Autism is a highly variable condition that exists on a spectrum of different characteristics ranging from low-need to high-need (Note: The term “low-” and “high-functioning” were used before, but they are not ideal descriptions because they have a negative implication on high-need individuals and Autistic individuals should not be compared against each other). Depending on the type of neurodivergence, some individuals also experience seizures and other co-morbid conditions. Amongst the variation in behaviours, the common core characteristics of Autism are varied social communications, and repetitive behaviour and interests. Although there isn’t an exact known cause of Autism, a combination of both genetic changes and external environmental factors are usually involved. According to the Government of Canada, approximately 1 in 66 children are Autistic in Canada, which means that there are 135,000 autistic individuals in Ontario alone (Public Health Agency of Canada, 2016). With over a hundred thousand Autistic people in our province, it is important to make sure they feel as welcomed in the society as neurotypical people are.

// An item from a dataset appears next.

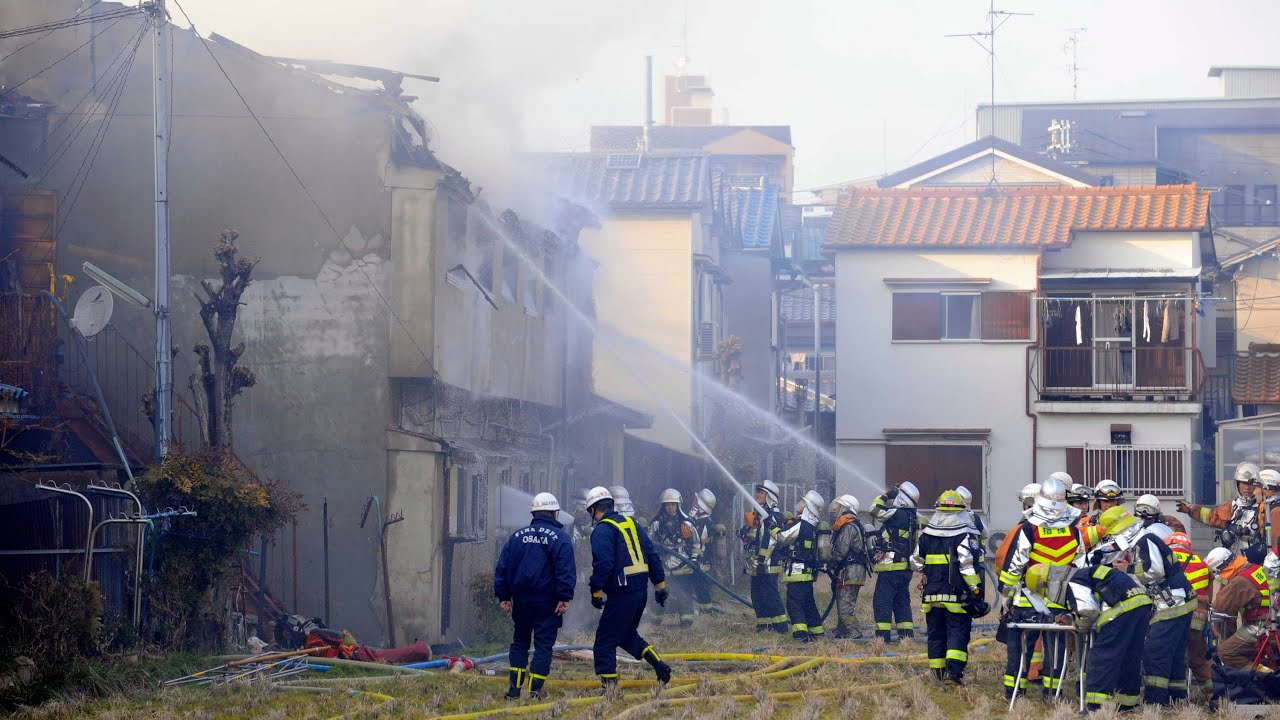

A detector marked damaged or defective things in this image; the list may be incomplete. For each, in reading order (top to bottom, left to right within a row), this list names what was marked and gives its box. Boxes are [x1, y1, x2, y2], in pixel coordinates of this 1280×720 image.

damaged building [0, 0, 644, 640] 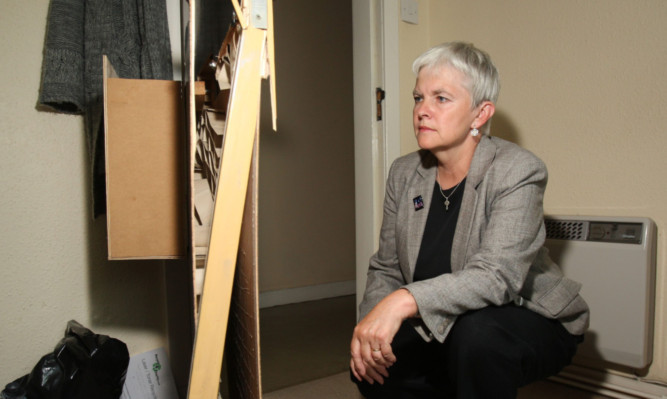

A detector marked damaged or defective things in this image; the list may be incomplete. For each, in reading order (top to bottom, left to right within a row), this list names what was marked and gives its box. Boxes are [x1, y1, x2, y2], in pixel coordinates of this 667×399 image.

splintered wood panel [105, 77, 187, 260]
splintered wood panel [228, 136, 262, 398]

The Neurodiversity movement aims to empower and include neurodivergent individuals alongside neurotypical individuals in many ways. The abolishment of using words like “disorder” or “deficit” eliminates the implication that neurodivergent individuals are “inferior” to neurotypical individuals, allowing them to celebrate themselves as unique and equal individuals. In fact, in a survey study done by Kapp et al. (2013) on people’s perception about Autism, people who self-identify as Autistic and are aware of neurodivergence tend to view Autistic as a positive identity. Moreover, similar answers were obtained by non-Autistic people who are educated on neurodiversity. By raising awareness and reducing existing stigma surrounding neurodivergence, the general public can be more educated on neurodivergent individuals and welcome them as equals in society. The neurodivergence movement also challenges traditional societal standards of evaluating an individual’s worth purely based on their intelligence or their social capabilities. There are so many other things that makes us human other than these two qualities, and if we don’t want to be limited by just these labels why should we use them to stereotype neurodivergent individuals?

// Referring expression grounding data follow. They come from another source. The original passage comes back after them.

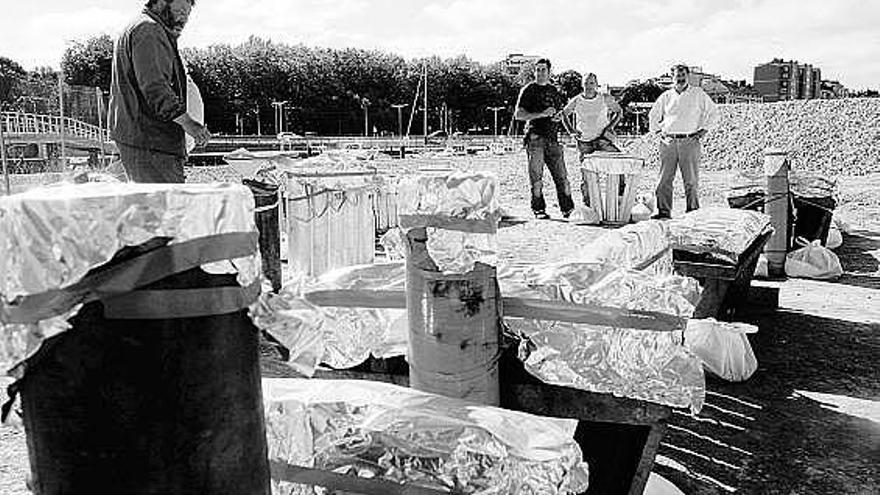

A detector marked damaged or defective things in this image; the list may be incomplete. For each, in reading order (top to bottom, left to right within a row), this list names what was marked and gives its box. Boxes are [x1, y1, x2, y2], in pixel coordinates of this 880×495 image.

rusty barrel [17, 266, 270, 494] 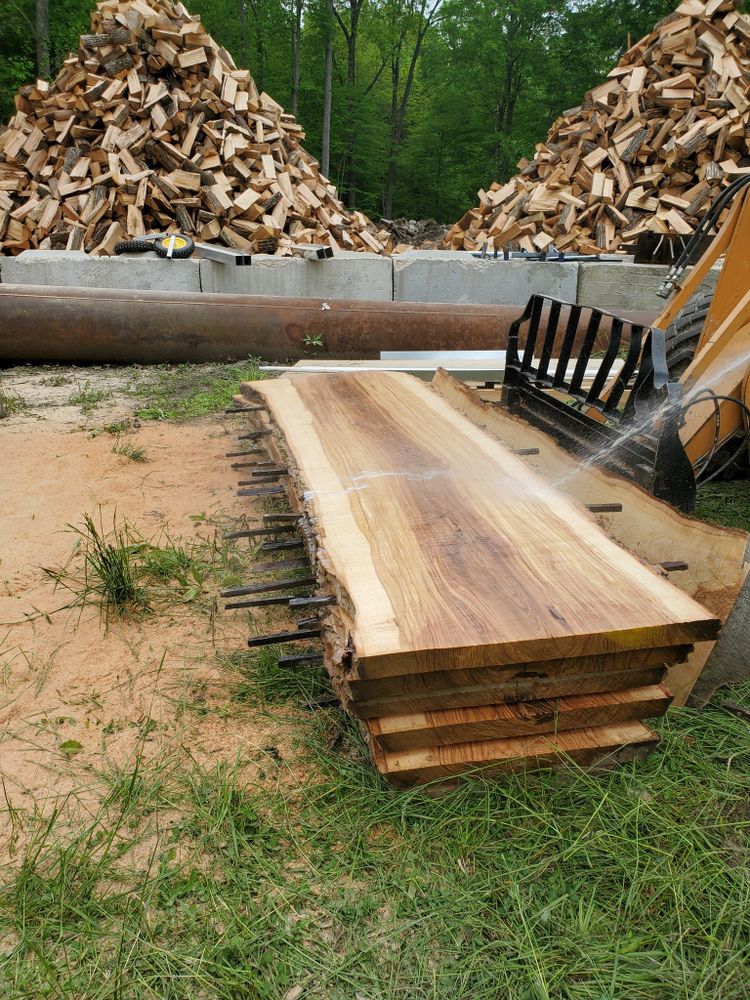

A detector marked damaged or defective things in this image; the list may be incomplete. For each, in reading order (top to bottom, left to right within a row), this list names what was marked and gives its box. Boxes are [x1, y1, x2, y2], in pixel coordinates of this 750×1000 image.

rusty steel pipe [0, 284, 656, 366] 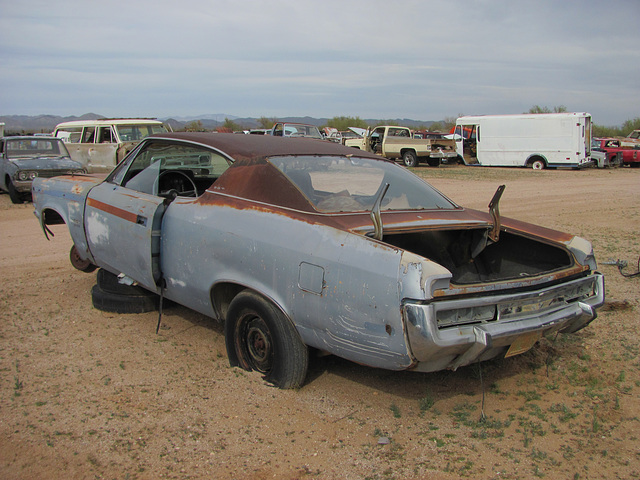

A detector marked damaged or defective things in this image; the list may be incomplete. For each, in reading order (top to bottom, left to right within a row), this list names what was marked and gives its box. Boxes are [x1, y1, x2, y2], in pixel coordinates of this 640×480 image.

rusted amc rebel sst [32, 133, 604, 388]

Indeed, people with Autism not only perform similarly to neurotypical people in some tasks, but they also sometimes even perform better. A study done in 2018 asked Autistic neurotypical children to draw pictures based on the same scenes at the park. Both Autistic and TD children showed equal artistic capabilities, but autistic children tend to draw nonhuman objects while TD children drew more human subjects (Masataka, 2018). Moreover, intelligence agencies like GCHQ from the UK are specifically recruiting neurodivergent individuals because they are particularly good at “joining the dots, simplification, seeing the bigger picture and teamworking”. As the director of GCHQ says, with the right mix of minds, anything is possible, and neurodivergent individuals are without question an integral part in providing their valuable input in all kinds of operations. This goes to show that just because Autistic individuals might be different socially or on the traditional sense of “IQ”, they are gifted exceptionally in many other ways, no different than the rest of us.

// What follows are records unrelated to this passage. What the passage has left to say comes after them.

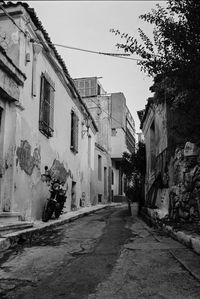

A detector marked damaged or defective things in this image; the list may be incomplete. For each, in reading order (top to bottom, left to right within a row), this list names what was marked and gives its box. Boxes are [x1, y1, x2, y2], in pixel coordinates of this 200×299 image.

cracked asphalt [0, 205, 200, 298] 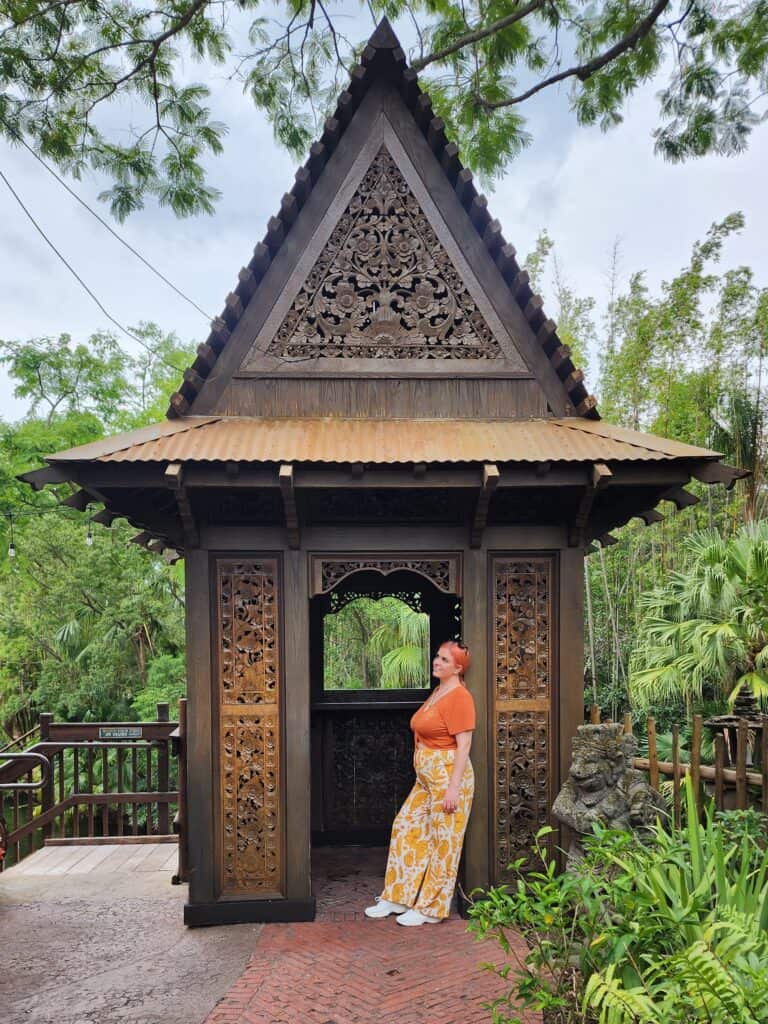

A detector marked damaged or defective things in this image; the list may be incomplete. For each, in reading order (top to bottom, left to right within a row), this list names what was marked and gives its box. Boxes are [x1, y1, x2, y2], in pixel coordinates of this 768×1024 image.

rusty metal roof panel [46, 415, 720, 464] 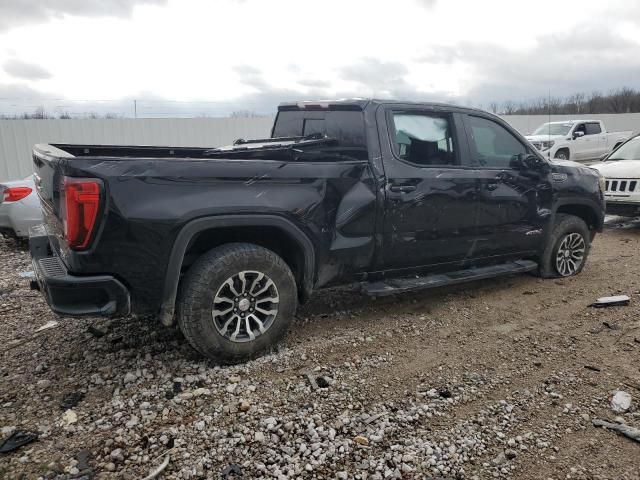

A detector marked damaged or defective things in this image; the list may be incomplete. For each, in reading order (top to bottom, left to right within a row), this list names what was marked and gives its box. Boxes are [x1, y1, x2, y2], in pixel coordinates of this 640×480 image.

damaged truck bed [27, 99, 604, 362] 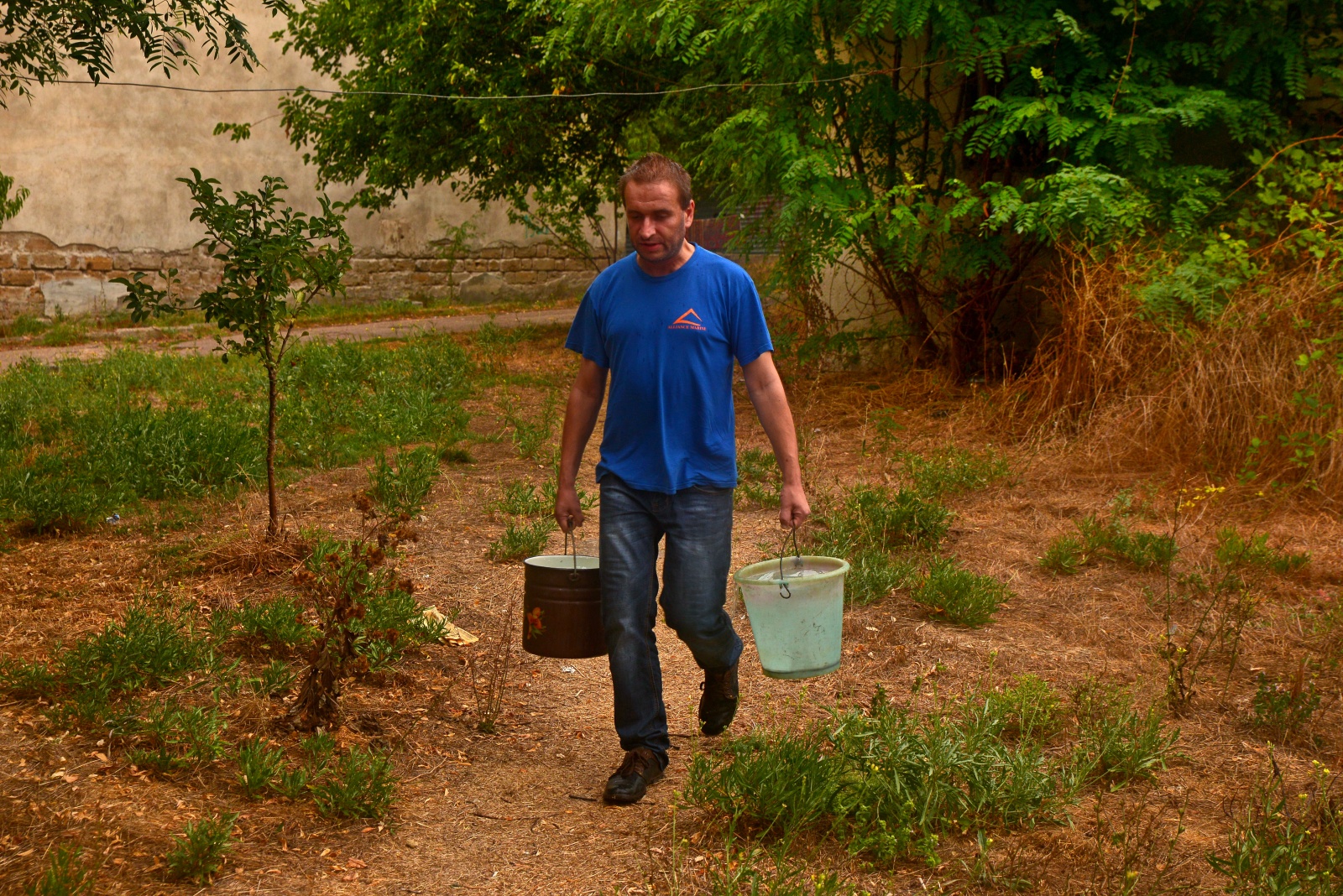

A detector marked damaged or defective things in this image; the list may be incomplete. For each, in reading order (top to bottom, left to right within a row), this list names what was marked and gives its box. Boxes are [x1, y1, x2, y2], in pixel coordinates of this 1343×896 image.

rusty metal bucket [520, 537, 604, 664]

As the social model of disability suggests, “a person is disabled not by their impairment, but by the failure of environment to accommodate their needs” (Oliver, 2018). As neurotypical individuals, we should try our best to create a welcoming and inclusive environment for neurodivergent individuals. That doesn’t mean we should go out of our way to excessively try to give them “assistance”. We should treat them equally just like how we interact with any other person. As my professor once suggested in a lecture about Autism, we should focus first on their strengths and then offer assistance only when they need it or feel comfortable with it. There are over 7 billion people inhabiting this planet we call home. Think about how boring it would be if every single person acts the same way. The diversity of humans and our individual differences is what makes the world so complex yet intriguing. If we embrace and respect these differences, our kindness can make a small yet important step towards an inclusive and diverse society.
Key Words: Neurodiversity, Neurodivergence, Autism Spectrum
- den Houting, J. (2019). Neurodiversity: An insider’s perspective. Autism: The International Journal of Research and Practice, 23(2), 271–273.
- Kapp, S. K., Gillespie-Lynch, K., Sherman, L. E., & Hutman, T. (2013). Deficit, difference, or both? Autism and neurodiversity. Developmental Psychology, 49(1), 59–71.
- Masataka, N. (2017). Implications of the idea of neurodiversity for understanding the origins of developmental disorders. Physics of Life Reviews, 20, 85–108.
- Masataka, N. (2018). Neurodiversity and artistic performance characteristic of children with autism spectrum disorder. Frontiers in Psychology, 9, 2594.
- Oliver, M. (2018). Understanding Disability. Macmillan International Higher Education.
- Peñagarikano, O., Abrahams, B. S., Herman, E. I., Winden, K. D., Gdalyahu, A., Dong, H., Sonnenblick, L. I., Gruver, R., Almajano, J., Bragin, A., Golshani, P., Trachtenberg, J. T., Peles, E., & Geschwind, D. H. (2011). Absence of CNTNAP2 leads to epilepsy, neuronal migration abnormalities, and core autism-related deficits. Cell, 147(1), 235–246.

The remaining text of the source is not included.